Each of the datasets contains a codebook in R Markdown format. Once knit, this document provides information for each of the variables in the dataset.

Peruse the codebook for variables of interest, and be certain to check how many observations for each variable that are not missing. This will ensure that you have a large number of observations that are not missing for all of the variables.

Once identified, be certain to write down the variable names, which are blue and linked in the knit codebook.

Download the Data

If you have not done so, download the data file (a ZIP archive), and unzip it into a directory of your choosing. This directory is ideally set aside only for your R projects.

The data will be a “.csv” file. CSV files are text files where variables are separated by commas.

Import the Data into R

Once the data are unzipped, open RStudio. You will first need to upload the data to the internet (bottom right pane of the R Studio . Once done, the top right pane will allow you to import the data into R.

After selecting the correct file, click next. Be certain to provide a name for the dataset (this is a temporary step, because you will only want a portion of the data). Also, check “Yes” for the Heading option.

If you are running the desktop verison, the following two commands set a working directory, and import the data, which are located in that working directory.

gss <- read.csv("gss_sda_nomissing.csv")

Finally, the following command will open the data in a viewer. It's a good idea to check to see that the data imported correctly.

Subsetting Data

As you will want only a few variables, you may want to create a subset that contains only those variables. This is easy to do in R.

In this example, I have imported the General Social Survey as a new data frame, which I have called gss. I have also identified four variables that I wish to keep, caseidyearage, and educ.

The following command will create a new object, called data, which will be composed of my four variables, all of which are located in the gss data frame.

data <- gss[c("caseid", "year", "age", "educ")]

The basic syntax is as follows:

new_name <-old_name[c(“variable1”, “variable2”, “variable3”)]

If successful, you will have a new data frame that contains the same number of observations, but fewer variables. From this point, the new data frame will be the one to use.

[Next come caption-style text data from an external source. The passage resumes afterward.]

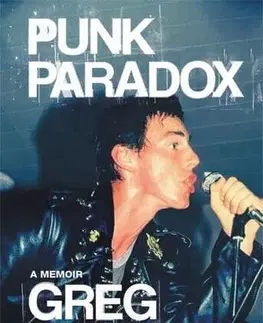 Film, hudba Punk Paradox: A Memoir - Greg Graffin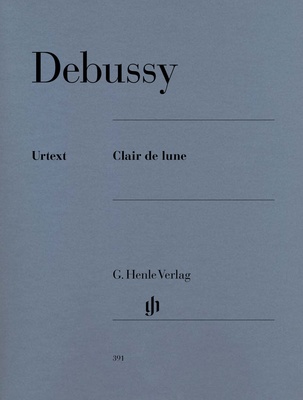 Henle Verlag Debussy Clair De Lune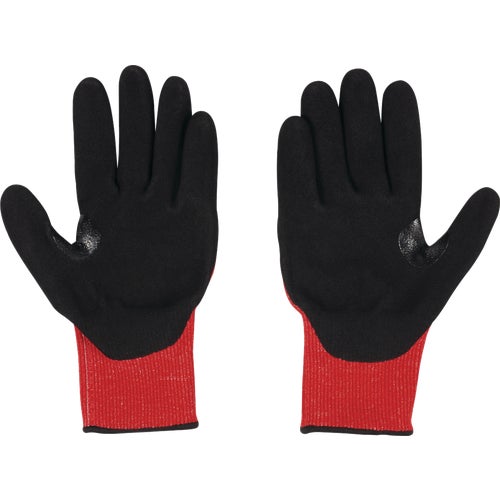 48-73-8132 Milwaukee Impact Cut Level 3 Nitrile Work Gloves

A Short Guide to Codebooks

A dataset is typically accompanied with a codebook. Codebooks provide documentation of the dataset contents. Codebooks do not usually contain more detailed information regarding the survey or the sample.

It is important to check the codebook for the variables of interest. It will tell you

  • what each code represents, and
  • it will provide the numbers of cases that are present or missing.

Sometimes, codebooks will provide the exact phrasing of the question, but please refer to the survey documentation for question phrasing and sample selection procedures.

Codebooks usually contain

  • The variable name, to which one refers to a variable in a statistics program.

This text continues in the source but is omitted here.